As noted in the previous chapter, climate change has emerged in recent years as one of the most critical topics at almost all levels of decision making, both private and public. This constitutes a radical change compared to the common perception only a few years ago. Climate change, a result of global warming, is a reality of universal acceptance, affecting in many ways the life of human societies as well as the environment. Continuing research over the last decades has established concrete knowledge of the basic facts about the results of interactive processes in the Earth system,which determine climate and climate change. It has particularly shown the anthropogenic influences on these processes. There is no doubt that human activities are the critical cause of the changes in the climate that Earth is experiencing since the Industrial Revolution in the mid-18th century, i.e. since the time that a period of rapid industrial growth with far reaching social and economic consequences begun in Britain and spread to Europe and other countries all over the world.
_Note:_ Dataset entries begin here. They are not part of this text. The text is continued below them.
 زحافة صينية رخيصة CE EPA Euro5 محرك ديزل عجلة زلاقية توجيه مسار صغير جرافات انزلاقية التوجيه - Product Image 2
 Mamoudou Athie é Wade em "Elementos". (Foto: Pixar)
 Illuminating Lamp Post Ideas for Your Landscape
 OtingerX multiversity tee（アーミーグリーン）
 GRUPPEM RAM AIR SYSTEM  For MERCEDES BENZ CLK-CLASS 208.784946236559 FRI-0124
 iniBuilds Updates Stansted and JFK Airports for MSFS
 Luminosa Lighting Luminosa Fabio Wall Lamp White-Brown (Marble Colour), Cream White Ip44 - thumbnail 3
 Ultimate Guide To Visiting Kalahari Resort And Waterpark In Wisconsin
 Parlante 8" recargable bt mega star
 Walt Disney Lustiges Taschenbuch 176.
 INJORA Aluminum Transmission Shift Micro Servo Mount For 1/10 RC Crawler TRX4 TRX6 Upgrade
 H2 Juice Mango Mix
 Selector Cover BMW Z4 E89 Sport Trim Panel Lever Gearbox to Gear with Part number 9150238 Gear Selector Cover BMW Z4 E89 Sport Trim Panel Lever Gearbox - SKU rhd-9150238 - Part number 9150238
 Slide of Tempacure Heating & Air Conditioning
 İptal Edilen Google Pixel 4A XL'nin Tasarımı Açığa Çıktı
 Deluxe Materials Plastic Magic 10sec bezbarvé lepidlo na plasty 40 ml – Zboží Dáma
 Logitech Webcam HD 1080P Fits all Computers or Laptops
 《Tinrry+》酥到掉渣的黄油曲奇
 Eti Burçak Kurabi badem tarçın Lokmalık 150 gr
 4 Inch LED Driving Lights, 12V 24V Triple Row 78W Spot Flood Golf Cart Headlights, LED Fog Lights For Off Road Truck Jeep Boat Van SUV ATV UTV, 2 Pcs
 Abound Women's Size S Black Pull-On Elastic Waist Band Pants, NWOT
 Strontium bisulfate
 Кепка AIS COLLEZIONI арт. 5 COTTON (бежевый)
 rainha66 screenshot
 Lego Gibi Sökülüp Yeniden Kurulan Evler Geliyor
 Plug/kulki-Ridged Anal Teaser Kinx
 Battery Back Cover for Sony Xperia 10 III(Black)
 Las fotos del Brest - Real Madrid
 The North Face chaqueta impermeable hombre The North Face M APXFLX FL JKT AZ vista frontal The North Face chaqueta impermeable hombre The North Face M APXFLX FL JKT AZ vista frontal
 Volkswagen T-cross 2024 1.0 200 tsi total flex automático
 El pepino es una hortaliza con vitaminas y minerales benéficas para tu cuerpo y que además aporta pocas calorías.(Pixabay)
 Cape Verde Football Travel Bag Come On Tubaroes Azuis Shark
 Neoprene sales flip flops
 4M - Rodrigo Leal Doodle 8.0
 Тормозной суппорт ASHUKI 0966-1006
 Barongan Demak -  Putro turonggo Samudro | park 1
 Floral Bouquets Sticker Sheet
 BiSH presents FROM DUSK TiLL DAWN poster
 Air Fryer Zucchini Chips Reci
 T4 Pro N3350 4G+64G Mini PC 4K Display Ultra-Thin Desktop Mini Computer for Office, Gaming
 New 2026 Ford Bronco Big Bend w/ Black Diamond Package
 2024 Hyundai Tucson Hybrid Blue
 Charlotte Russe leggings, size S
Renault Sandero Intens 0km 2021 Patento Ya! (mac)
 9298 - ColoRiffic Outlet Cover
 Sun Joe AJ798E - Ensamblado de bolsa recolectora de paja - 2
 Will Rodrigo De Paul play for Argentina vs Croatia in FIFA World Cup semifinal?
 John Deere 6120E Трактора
The industrial revolution marked the beginning of a dramatic increase in the use of fossil fuels, which is the main cause of climate change.

This chapter, which aims to introduce the basic facts of global warming, is almost exclusively based on the latest UN’s Intergovernmental Panel on Climate Change (IPCC) Report (IPCC, 2007), particularly on Working Group I’s Fourth Assessment Report on the Physical Science Basis of Climate Change (IPCC, 2007a), agreed in February 2007, called the “Report” in the sequel of this chapter. Although the Report, despite its grave conclusions about the future of the Earth’s climate, has been criticized as a rather optimistic treatment of the subject, it has gained widespread acceptance as it is supported by the most recent and reliable scientific evidence available. Indeed, the Report has been based on concrete scientific findings characterized by a certainty equal or greater than 90%, while ignoring less certain but more pessimistic scenarios. The Report, however, has been amended in the IPCC’s synthesis report published in November 2007, which highlights the risk of very large (negative) impacts of the global warming effect on the Earth’s climate.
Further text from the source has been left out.